The Ruling at a Glance

One of these lawsuits, Texas Med. Ass'n v. Dep't of Health and Human Serv., saw the Texas Medical Association (TMA)-a coalition of medical providers-challenge the QPA portion of the IDR process. TMA argued that Congress never meant for arbitrators to give QPAs presumptive weight because Congress explicitly provided the arbitrator with a multi-factor analysis. Thus, TMA argued that other factors like training and quality of care should be given equal weight to the QPA amount. The government, in response, asserted that TMA's reading of the statute grants arbitrators "virtually unfettered discretion" to weigh competing factors when selecting an offer.

On Wednesday February 23, 2022, Judge Jeremy Kernodle, a federal district judge for the Eastern District of Texas, ruled for TMA and noted that the government failed to follow the NSA's text and proper notice and comment procedures when it required arbitrators to select the amount closest to the QPA when settling insurer-provider payment disputes. In so ruling, he declared that the federal agencies "impermissibly altered the [No Surprises] Act's requirements" in violation of core administrative law principles when they departed from the text of the No Surprises Act. He reasoned that the rule, as written, requires arbitrators to presume the correctness of the in-network median rate (QPA) as the amount for an insurer to pay a provider and then impose a heightened burden on the remaining factors to overcome that presumption.

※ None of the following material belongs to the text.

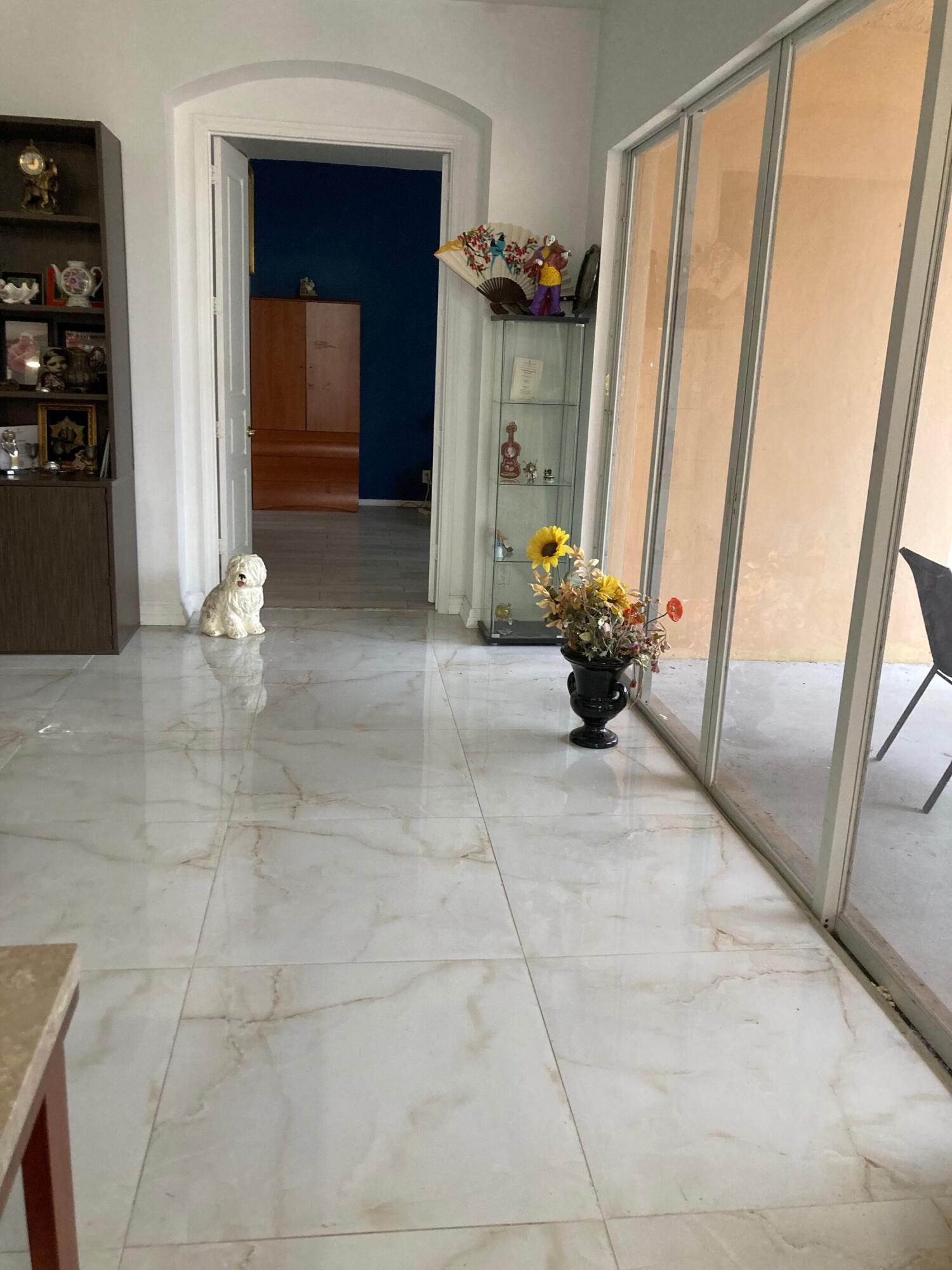 TRADITION PLAT NO 21 - Residential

In his eyes, the rule as written conflicted with the "unambiguous" terms of the No Surprises Act that allowed arbitrators to consider a variety of factors in their arbitration decision and that the best way forward was to vacate the affected portions of the rule.

What Does the Ruling Mean for Providers?

As of now, this ruling means that the following provisions of the NSA's IDR process are invalidated nationwide:

  • The requirement that the arbitrator select the offer closest to the QPA amount unless there is credible information to demonstrate that is not appropriate;
  • The requirement that additional information must be provided to show the QPA amount is materially different;
  • The definition of "material difference";
  • All examples provided in the Interim Final Rule demonstrating how IDR entities choose an offer; and
  • The requirement that the IDR entity explain why it choose an offer that was not the closest to the QPA.

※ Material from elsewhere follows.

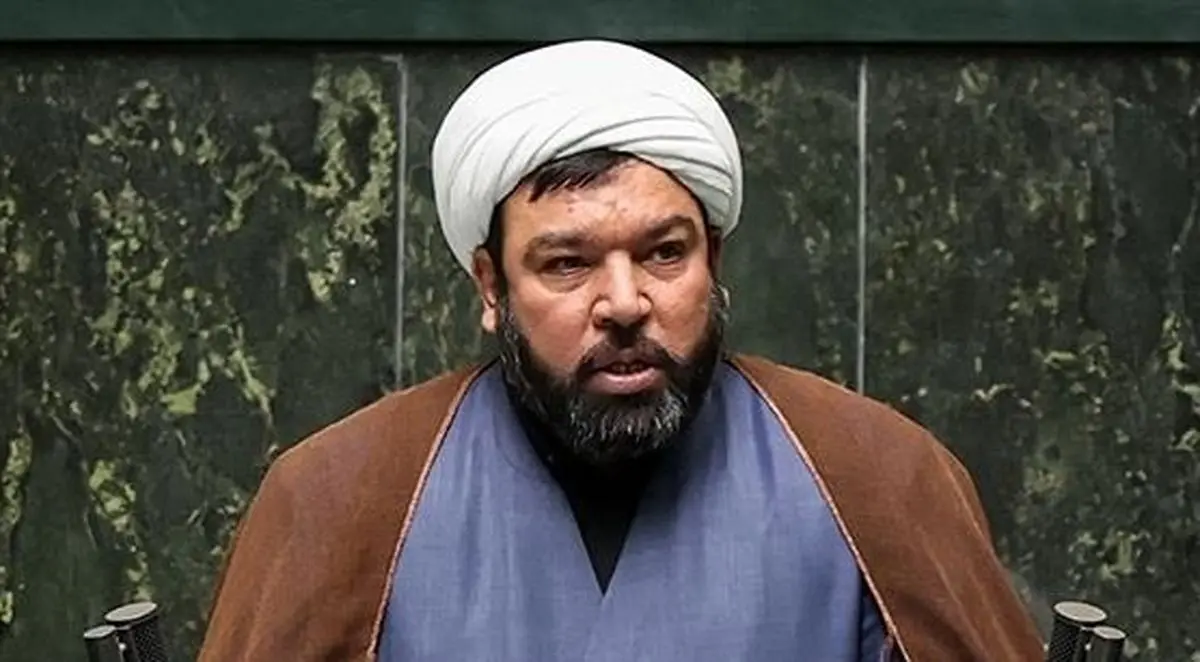 اولویت امروز دولت باید مهار گرانی و تورم و ارز باشد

All other parts of the NSA, including the requirement for health care providers to provide patients with a good faith estimate of the cost of their care, remain in effect.

This ruling will likely be appealed, as arbitrations under the NSA were set to begin in March. Similar lawsuits across the United States are currently making their way through the courts, signaling that litigation over the NSA's regulations is far from over. Additionally, HHS has indicated that it will issue a Final Rule by May 2022, so there is certainly more guidance to come.